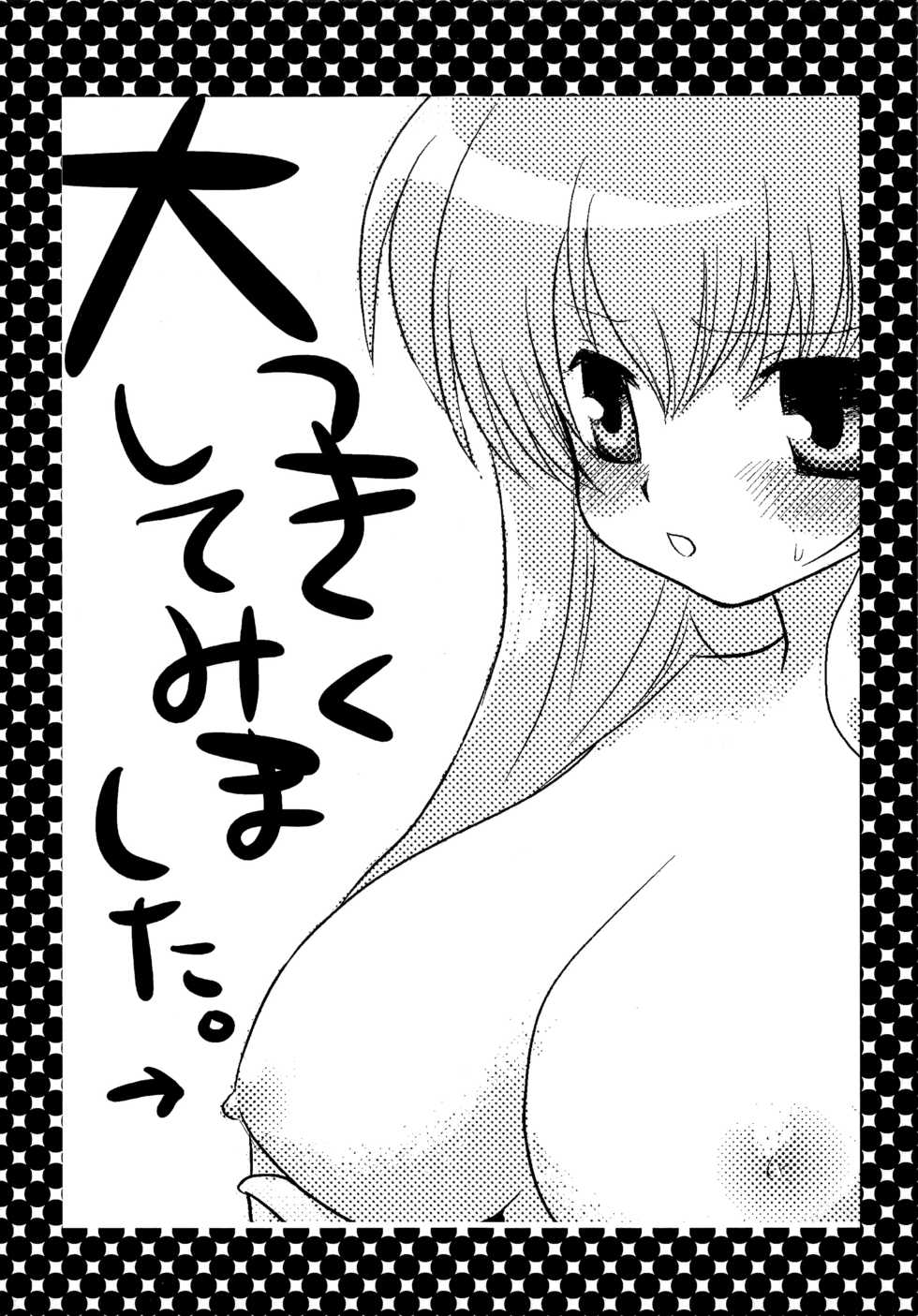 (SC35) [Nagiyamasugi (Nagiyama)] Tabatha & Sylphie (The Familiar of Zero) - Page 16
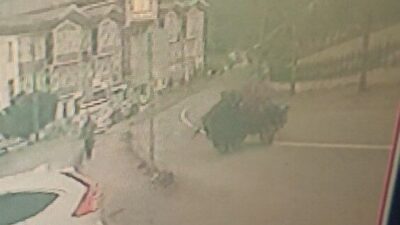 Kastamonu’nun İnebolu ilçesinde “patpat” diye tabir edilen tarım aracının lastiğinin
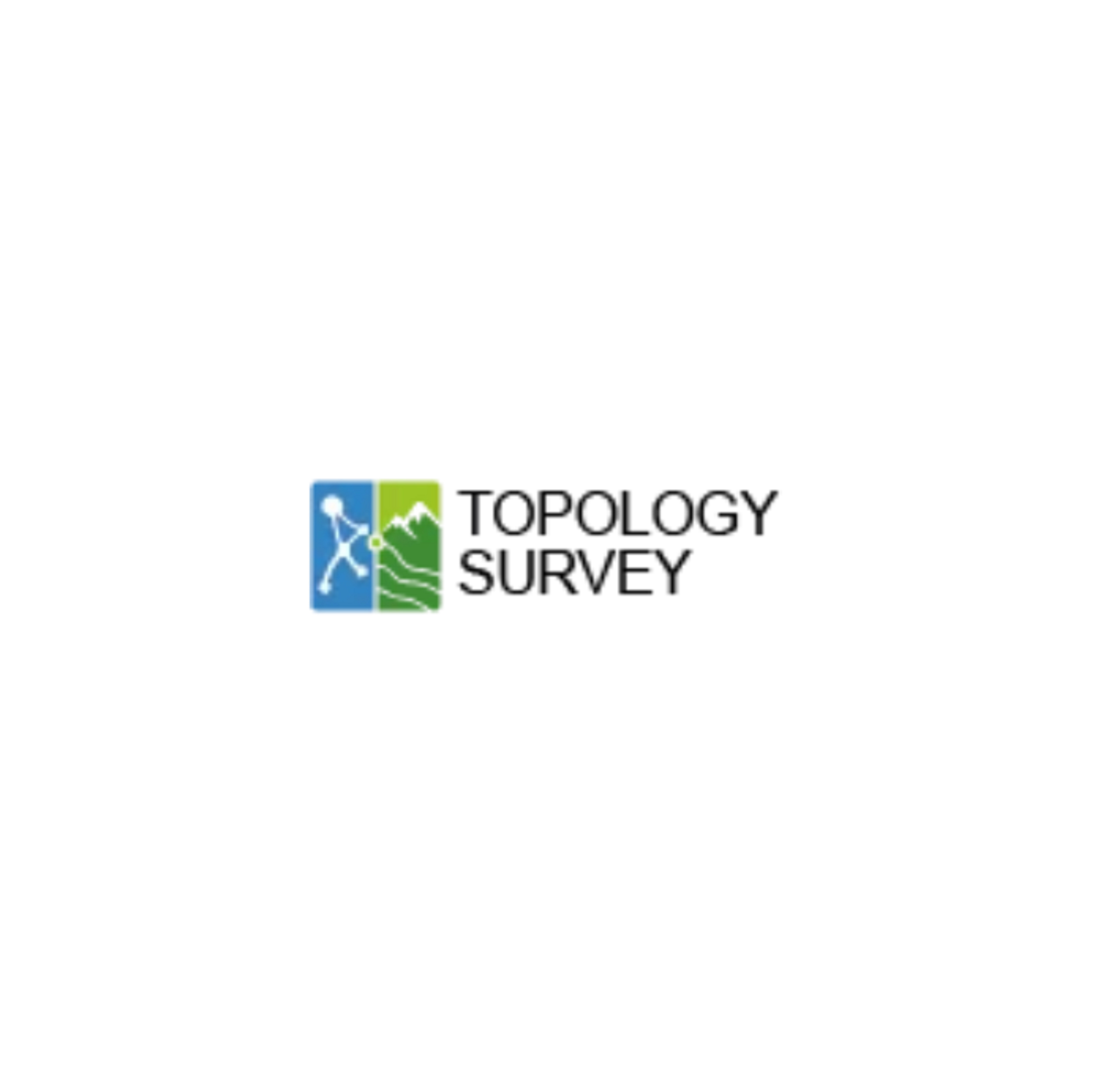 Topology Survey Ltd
--
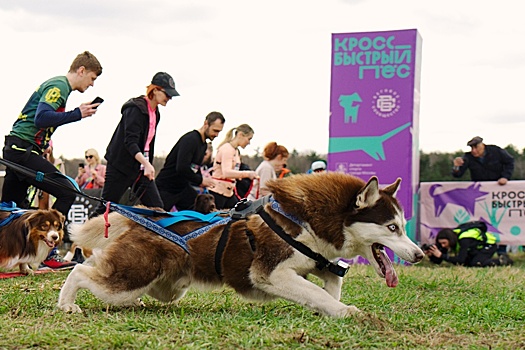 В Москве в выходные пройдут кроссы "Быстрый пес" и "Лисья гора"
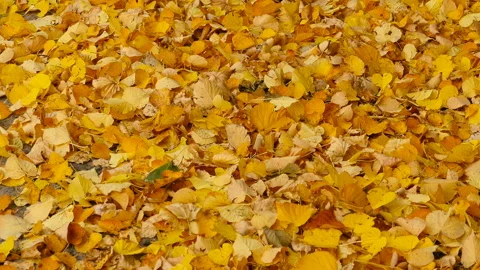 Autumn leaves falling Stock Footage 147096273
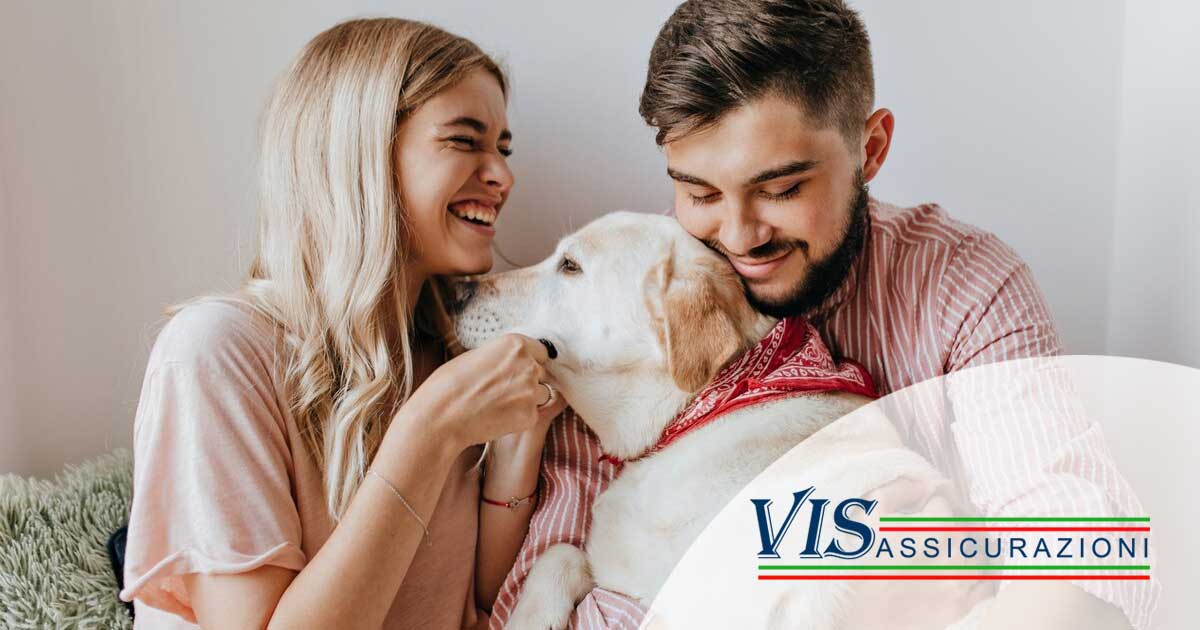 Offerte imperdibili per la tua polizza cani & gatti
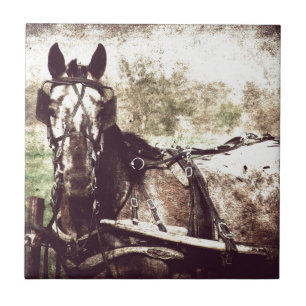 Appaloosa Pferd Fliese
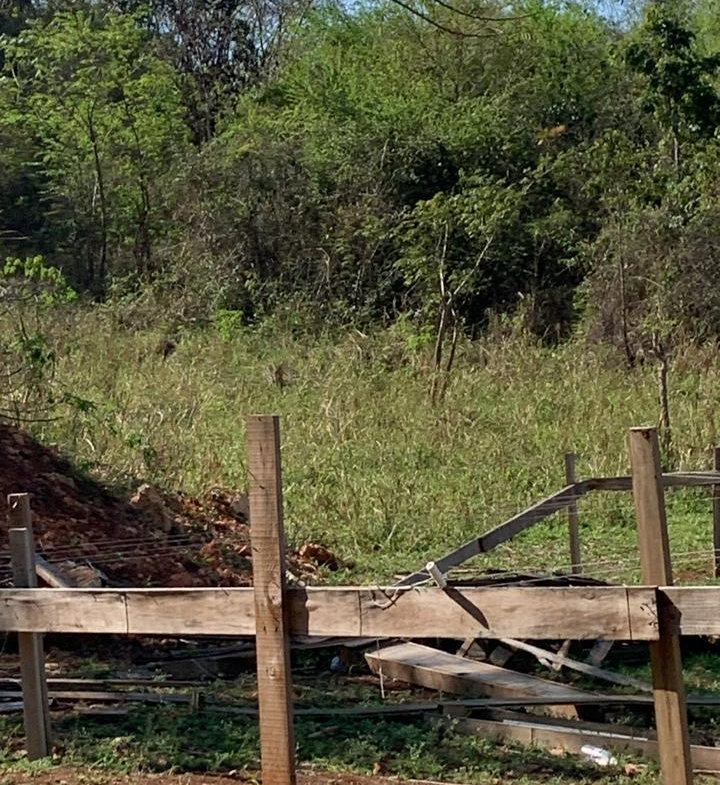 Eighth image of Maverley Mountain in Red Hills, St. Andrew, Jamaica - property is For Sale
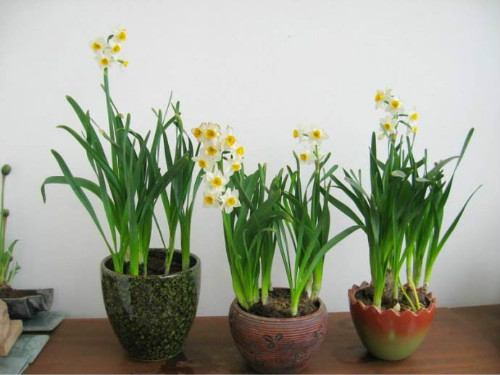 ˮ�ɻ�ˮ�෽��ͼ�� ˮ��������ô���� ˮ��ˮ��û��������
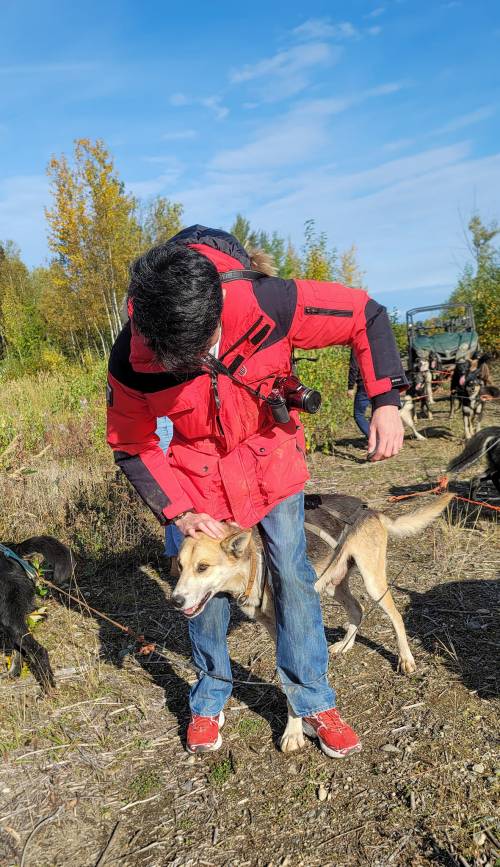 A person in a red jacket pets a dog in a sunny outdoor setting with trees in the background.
--
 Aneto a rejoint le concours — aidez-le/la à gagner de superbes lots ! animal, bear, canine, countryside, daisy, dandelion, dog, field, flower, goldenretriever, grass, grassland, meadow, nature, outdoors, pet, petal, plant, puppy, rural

* **Your task**
Look above for the line with "(SC35) [Nagiyamasugi (Nagiyama)]"; quote it and every line after it, stopping after the line with "Topology Survey Ltd", exactly, with nothing added and without pictures.

* **Result for this exercise**
 (SC35) [Nagiyamasugi (Nagiyama)] Tabatha & Sylphie (The Familiar of Zero) - Page 16
 Kastamonu’nun İnebolu ilçesinde “patpat” diye tabir edilen tarım aracının lastiğinin
 Topology Survey Ltd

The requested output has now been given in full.